Hi Motowaves! Your husbands primary responsibilities are to you, his daughter, and yours (to which ever degree works for your family). It sounds like his wife is still trying to keep an attachment to him through your stepdaughter.
Boundaries are important. It seems she's crossing them and your husband feels uncomfortable rocking the boat so he just goes along with it. Pretty common. If he stops indulging her, she becomes high conflict. Tough situation you could not have anticipated when you chose to marry him and parent his daughter with him. If it bothers you, it's too much. That's it. You have a voice, a very important one:). It's his job to respect your boundaries and work with you to establish them. If his ex wife is uncomfortable, that is her problem.
Some women move on after a divorce and truly respect their ex husbands choices when it's time to move on, others do not accept the finality of divorce.

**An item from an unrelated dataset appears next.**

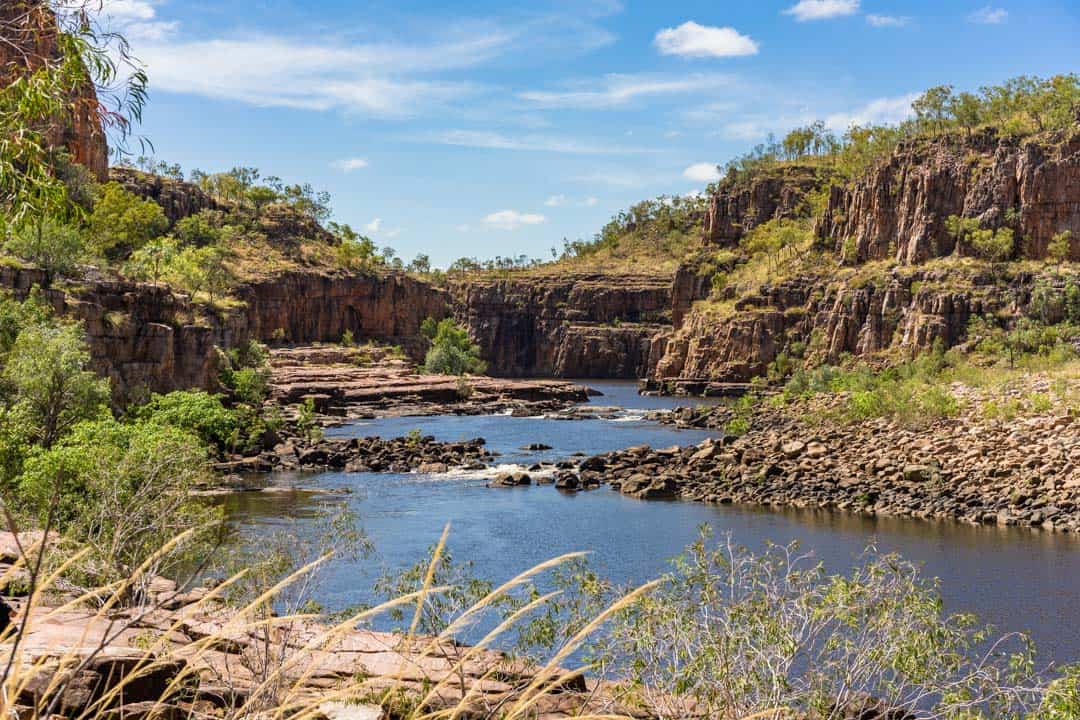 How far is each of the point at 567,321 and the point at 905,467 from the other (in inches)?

This is up to him to make clear to her, and not use your stepdaughter to keep the attachment strong.
Download the June issue of Stepmom magazine...is the Father's Day edition and I highly recommend it.
Do not apologize for having boundaries and expecting your honey to respect them;).
As both a stepdaughter and a stepmother, I can assure you your stepdaughter will also appreciate all you can do to clear the muddy waters with her mom as she grows up, and everything you and your husband do to keep your marriage strong.